(Web page caption snippets)
┌────────

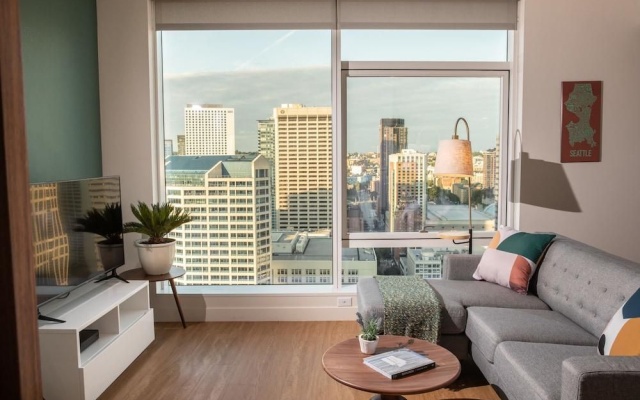 photo 3 of Domicile Suites at Helios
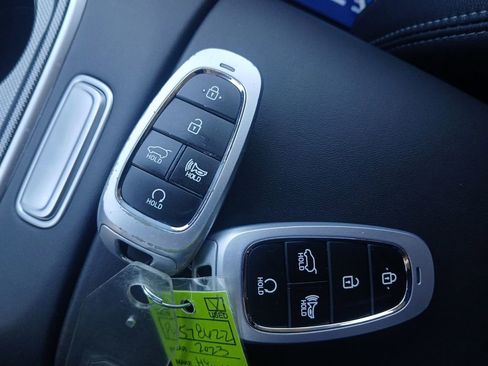 Used 2023 Hyundai Santa Fe SEL w/ Premium Package FWD image 6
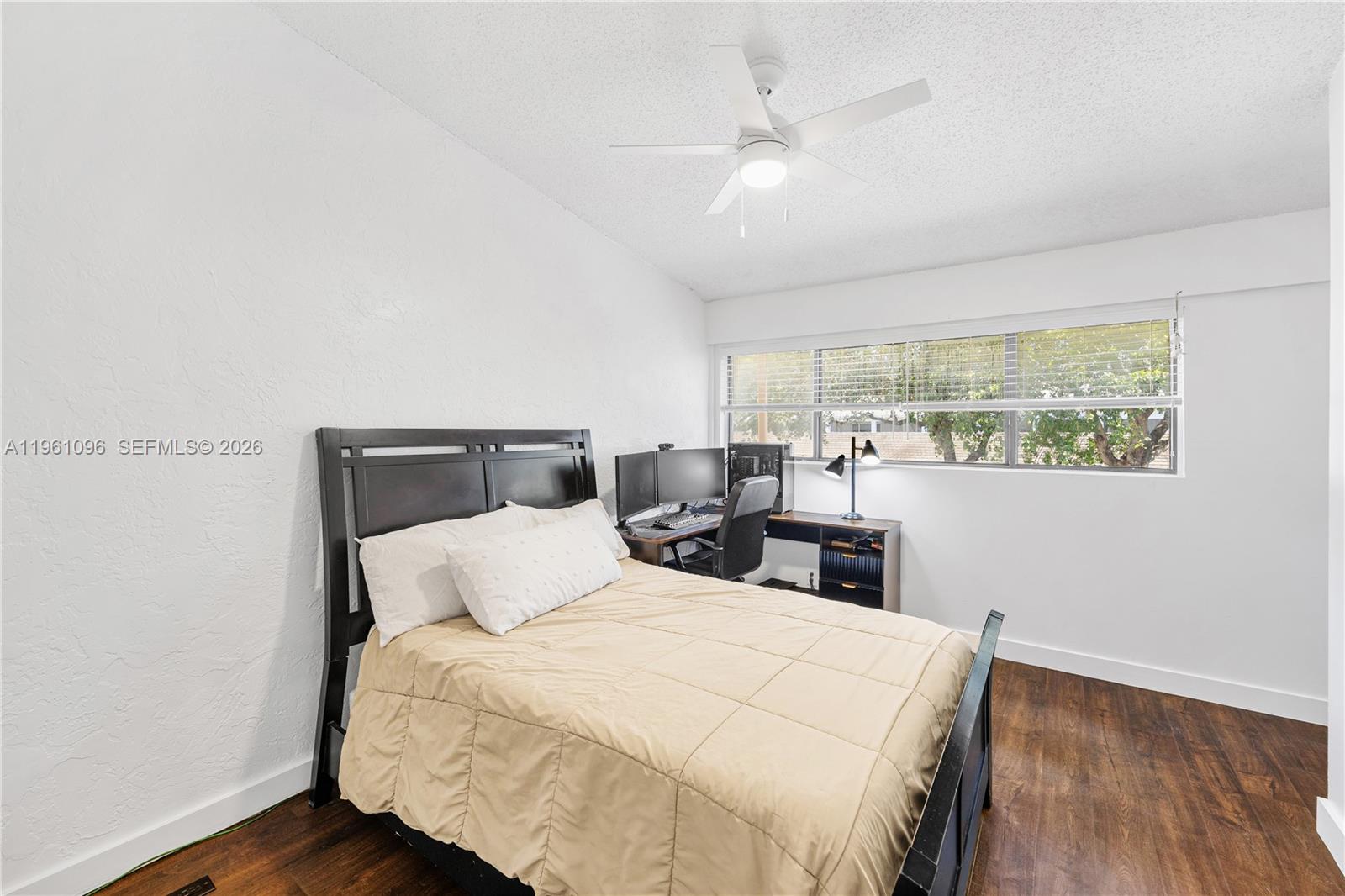 COLONIAL LAKES VILLAS - Residential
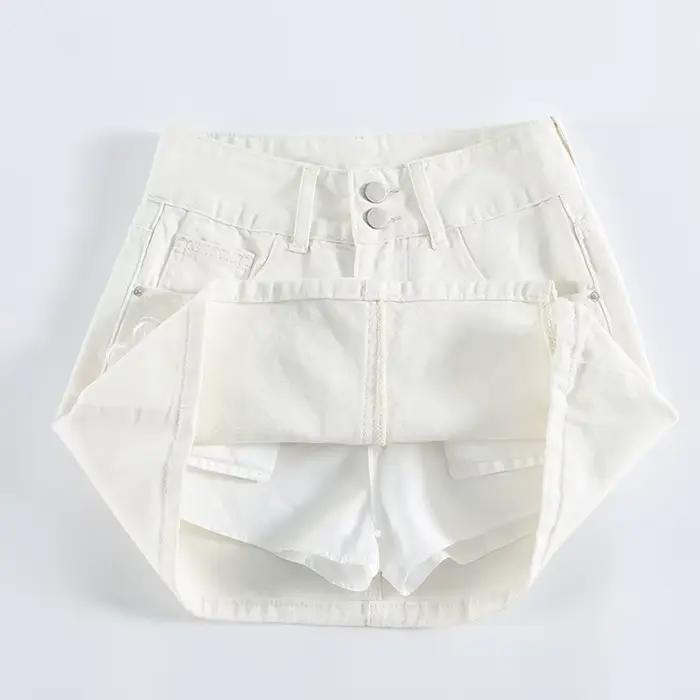 Jupe-short en jean blanc pour femme, taille haute, double boutonnage, mini-jupe ornée de fleurs 3D et perles, avec short de sécurité intégré, coupe trapèze, pour l'été sorties nocturnes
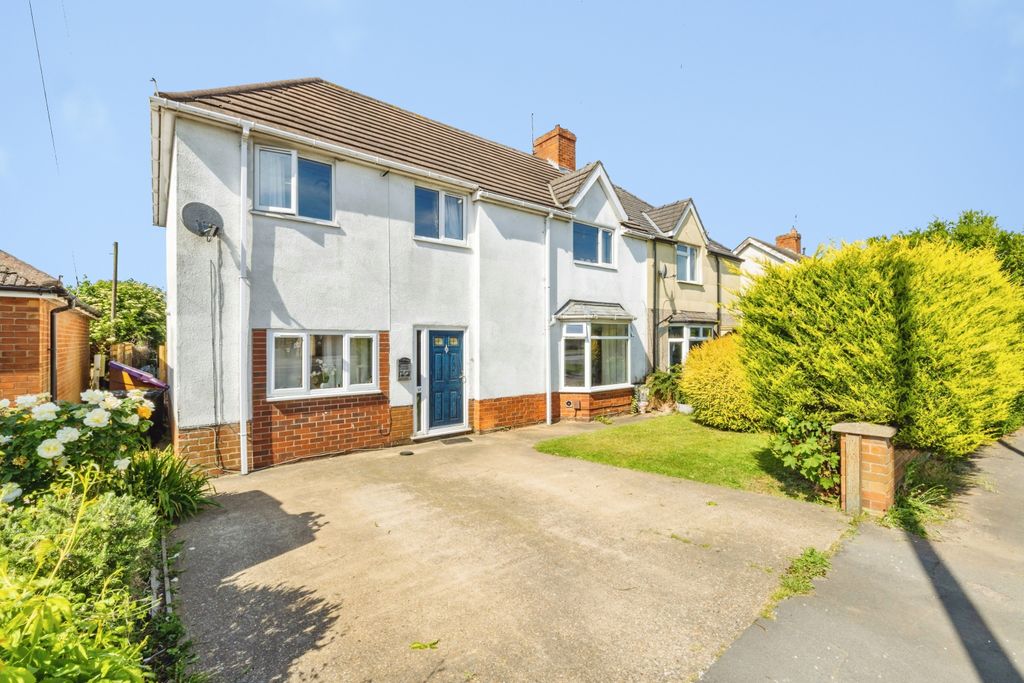 Property photo 1 of 20 2026-05-27-13Canwickavenue033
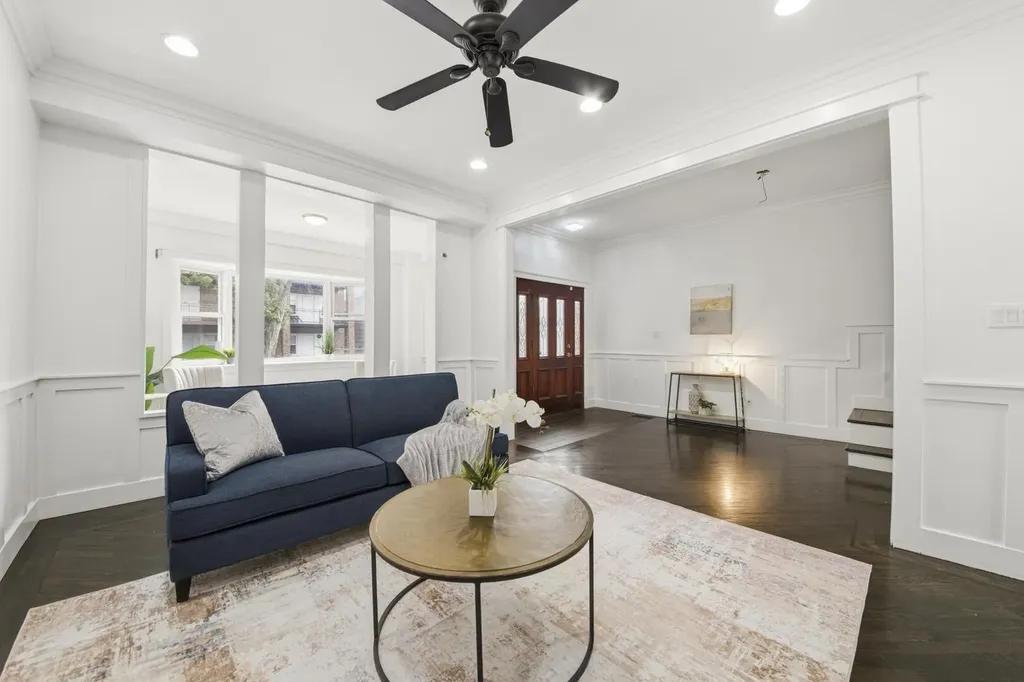 2446 West Pensacola Avenue Chicago IL 60618
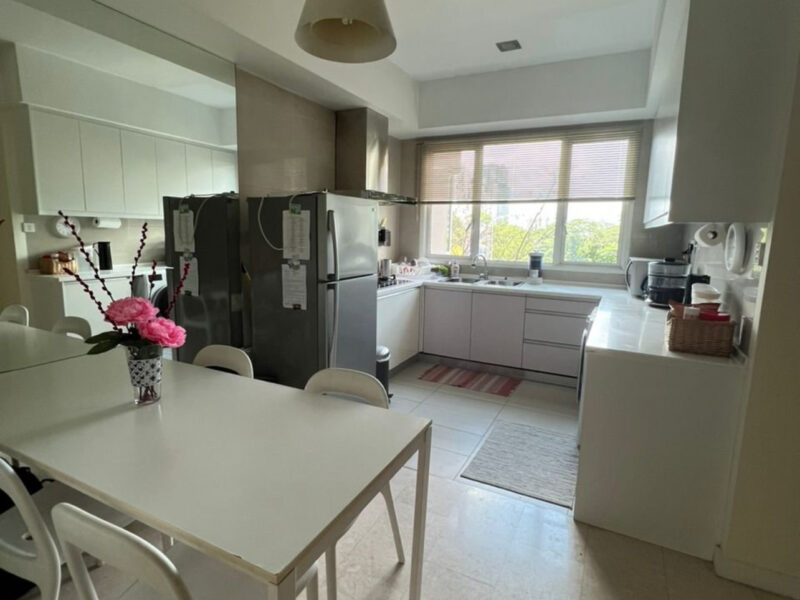 Fully furnished studio in Putra Place Condominium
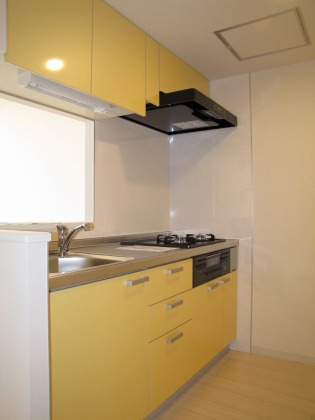 キッチン　人気の対面システムキッチンタイプです！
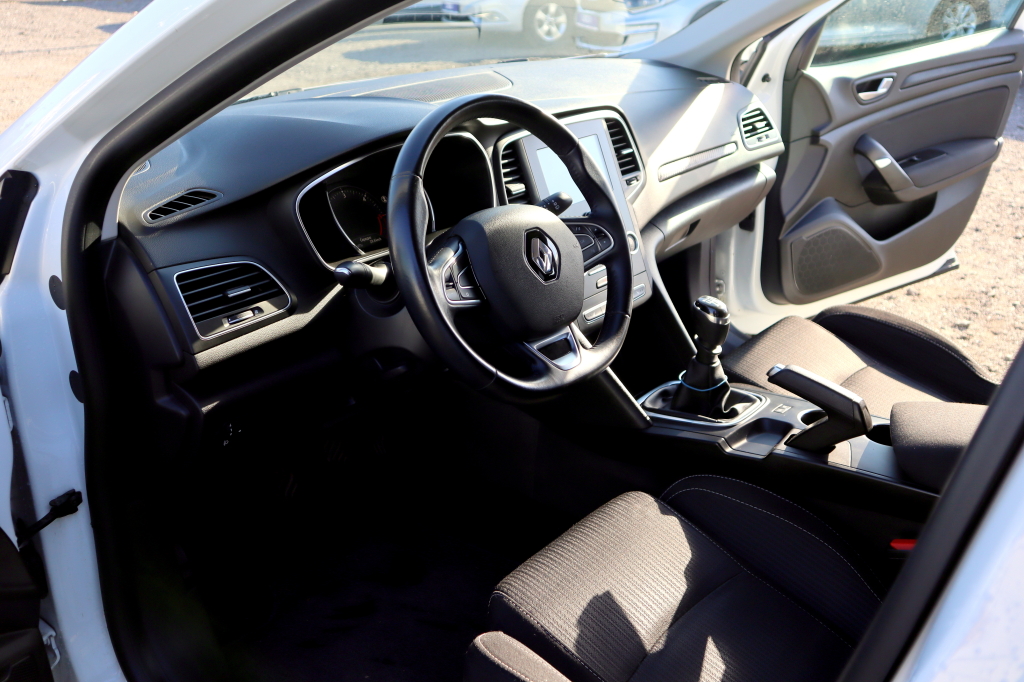 Renault Megane 2017 photo 21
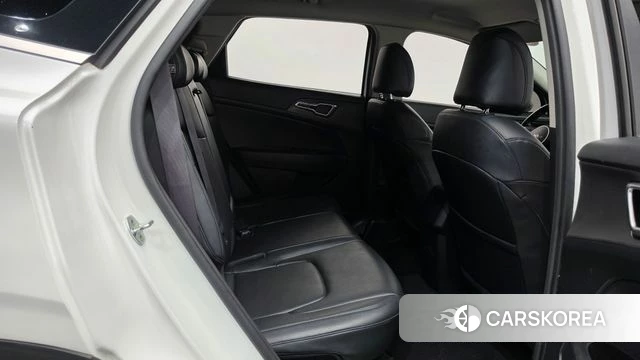 Kia Sportage 5th Generation 2021 Белый из Кореи, фото 3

└────────

- Task to carry out -
Word for word, reproduce all of the data, but keep out the pictures.

- Response area -
 photo 3 of Domicile Suites at Helios
 Used 2023 Hyundai Santa Fe SEL w/ Premium Package FWD image 6
 COLONIAL LAKES VILLAS - Residential
 Jupe-short en jean blanc pour femme, taille haute, double boutonnage, mini-jupe ornée de fleurs 3D et perles, avec short de sécurité intégré, coupe trapèze, pour l'été sorties nocturnes
 Property photo 1 of 20 2026-05-27-13Canwickavenue033
 2446 West Pensacola Avenue Chicago IL 60618
 Fully furnished studio in Putra Place Condominium
 キッチン　人気の対面システムキッチンタイプです！
 Renault Megane 2017 photo 21
 Kia Sportage 5th Generation 2021 Белый из Кореи, фото 3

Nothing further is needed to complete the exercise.